Real Estate website RealtyTrac says living near either of these stores can affect your property value. Daren Bloomquist is the vice president of RealtyTrac; he sat down with the Standard to talk about how both grocery store chains affect property values.
On which supermarket is better for homeowners –Whole Foods or Trader Joe’s:
Nationwide it was kind of a mixed bag, but Trader Joe’s came out on top if you’re looking at buying a home in a neighborhood where your home is going to appreciate in value the fastest.
On differences in home value in neighborhoods with either of these stores:
When we looked at the average home values in Whole Foods neighborhoods, it was actually slightly lower than the average home values in Trader Joe’s neighborhoods. The average value of a home in a Trader Joe’s neighborhood was $592,000, whereas a Whole Foods neighborhood, $561,000. Now both of those are very high – the national average for home values across all zip codes was $262,000 – so we’re talking about both of those grocery stores are targeting more affluent neighborhoods. This may be somewhat because Trader Joe’s [is] a little bit more centered in California and some other markets.

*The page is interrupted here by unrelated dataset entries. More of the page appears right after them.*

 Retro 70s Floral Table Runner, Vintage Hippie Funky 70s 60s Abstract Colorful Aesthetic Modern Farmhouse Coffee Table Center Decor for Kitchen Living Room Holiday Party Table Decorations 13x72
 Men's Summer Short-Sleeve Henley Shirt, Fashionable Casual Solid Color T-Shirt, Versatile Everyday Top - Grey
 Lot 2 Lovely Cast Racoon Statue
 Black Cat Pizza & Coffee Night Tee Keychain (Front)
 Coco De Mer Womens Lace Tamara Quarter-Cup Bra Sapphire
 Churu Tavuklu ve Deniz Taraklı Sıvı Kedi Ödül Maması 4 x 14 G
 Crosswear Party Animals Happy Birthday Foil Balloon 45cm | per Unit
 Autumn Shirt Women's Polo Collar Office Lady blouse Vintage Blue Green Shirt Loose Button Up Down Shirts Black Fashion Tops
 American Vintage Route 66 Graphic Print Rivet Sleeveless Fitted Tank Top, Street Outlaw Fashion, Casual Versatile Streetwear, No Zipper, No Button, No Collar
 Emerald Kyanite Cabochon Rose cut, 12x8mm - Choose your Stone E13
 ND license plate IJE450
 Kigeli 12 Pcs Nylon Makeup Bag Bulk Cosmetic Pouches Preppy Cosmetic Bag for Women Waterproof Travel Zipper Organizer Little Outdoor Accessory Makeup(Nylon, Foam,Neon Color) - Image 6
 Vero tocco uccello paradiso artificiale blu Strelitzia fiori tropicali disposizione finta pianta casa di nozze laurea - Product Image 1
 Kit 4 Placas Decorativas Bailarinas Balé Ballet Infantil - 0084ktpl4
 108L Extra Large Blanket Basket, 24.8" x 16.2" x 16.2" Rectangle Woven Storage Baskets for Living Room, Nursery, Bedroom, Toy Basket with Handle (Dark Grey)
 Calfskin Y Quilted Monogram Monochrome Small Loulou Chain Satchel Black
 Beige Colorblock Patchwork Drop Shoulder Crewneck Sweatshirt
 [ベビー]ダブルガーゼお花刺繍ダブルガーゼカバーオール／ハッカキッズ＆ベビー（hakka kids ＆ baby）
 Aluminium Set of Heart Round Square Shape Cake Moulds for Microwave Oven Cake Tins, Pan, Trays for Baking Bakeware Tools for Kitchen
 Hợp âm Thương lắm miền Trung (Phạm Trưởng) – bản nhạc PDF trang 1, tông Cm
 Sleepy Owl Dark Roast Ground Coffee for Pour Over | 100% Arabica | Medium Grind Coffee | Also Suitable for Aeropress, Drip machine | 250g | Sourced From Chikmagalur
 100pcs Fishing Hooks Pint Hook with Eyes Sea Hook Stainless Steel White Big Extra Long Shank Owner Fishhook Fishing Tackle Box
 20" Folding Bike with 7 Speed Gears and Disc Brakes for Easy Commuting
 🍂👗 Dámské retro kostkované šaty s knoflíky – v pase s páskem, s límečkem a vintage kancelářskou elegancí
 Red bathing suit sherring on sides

On the downside to quick appreciation of home values:
The other side of the coin here is that the higher values in the Trader Joe’s neighborhoods home values mean that those homeowners are paying higher property taxes. On average, those homeowners are paying about $8,500 a year in property taxes, whereas in the Whole Foods neighborhoods … the property taxes are $5,400, and the property tax rate in those Whole Foods neighborhoods is less than 1 percent, whereas in Trader Joe’s is 1.4 percent. So in those neighborhoods you’re going to pay a higher cost in terms of those taxes.